_Records for processing_
*** Block opens ***

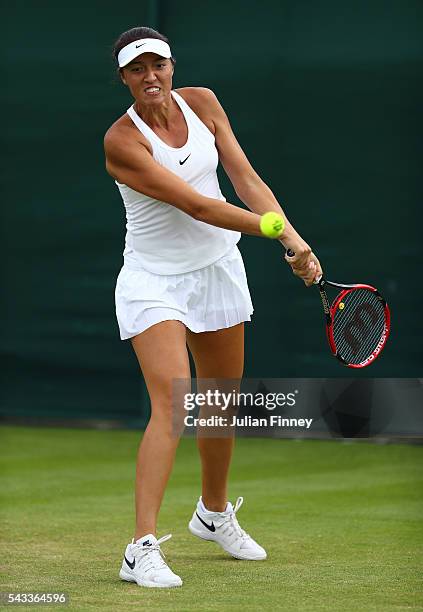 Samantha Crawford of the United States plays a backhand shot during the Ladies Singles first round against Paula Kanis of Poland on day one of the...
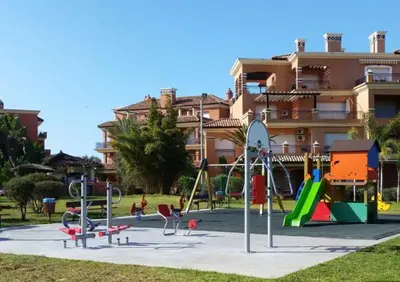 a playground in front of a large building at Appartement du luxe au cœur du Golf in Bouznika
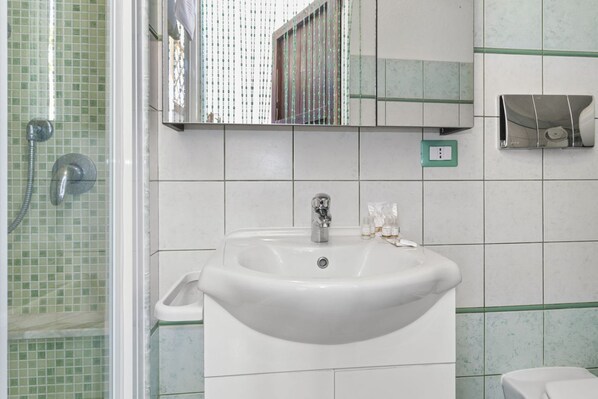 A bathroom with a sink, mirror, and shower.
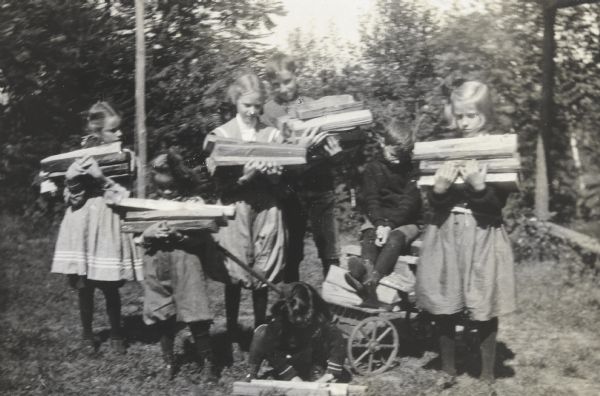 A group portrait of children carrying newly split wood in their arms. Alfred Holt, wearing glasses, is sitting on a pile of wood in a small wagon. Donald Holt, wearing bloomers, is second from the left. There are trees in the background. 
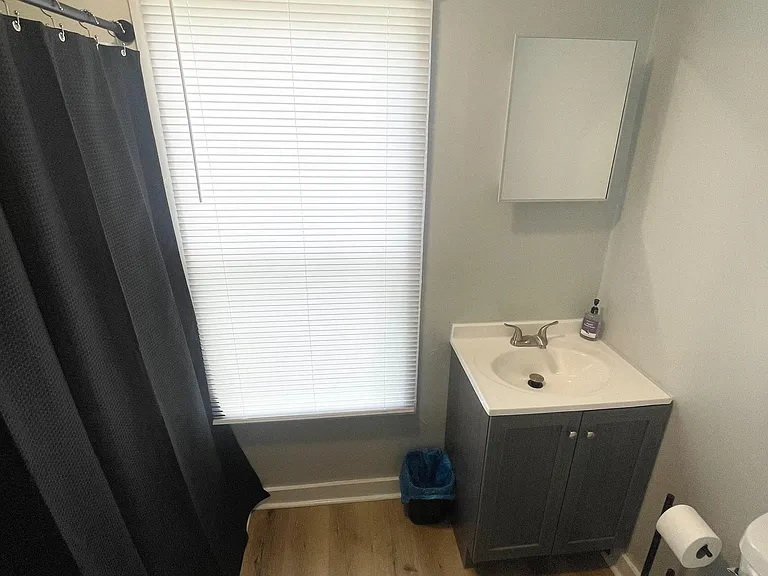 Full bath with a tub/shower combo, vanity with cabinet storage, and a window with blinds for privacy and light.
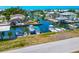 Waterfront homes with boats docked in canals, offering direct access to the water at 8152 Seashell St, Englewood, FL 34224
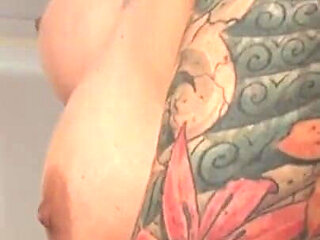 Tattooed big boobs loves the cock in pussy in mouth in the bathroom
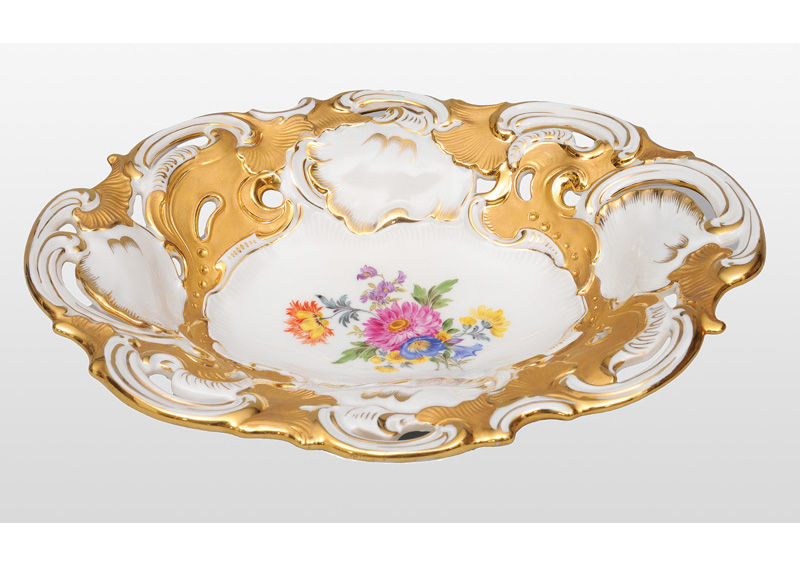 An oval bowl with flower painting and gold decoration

*** Block closes ***

_Exercise directions_
Find the line that contains "Full bath with". Copy it and every line after it through the end of the listing exactly, but not the pictures.

_The completed task_
 Full bath with a tub/shower combo, vanity with cabinet storage, and a window with blinds for privacy and light.
 Waterfront homes with boats docked in canals, offering direct access to the water at 8152 Seashell St, Englewood, FL 34224
 Tattooed big boobs loves the cock in pussy in mouth in the bathroom
 An oval bowl with flower painting and gold decoration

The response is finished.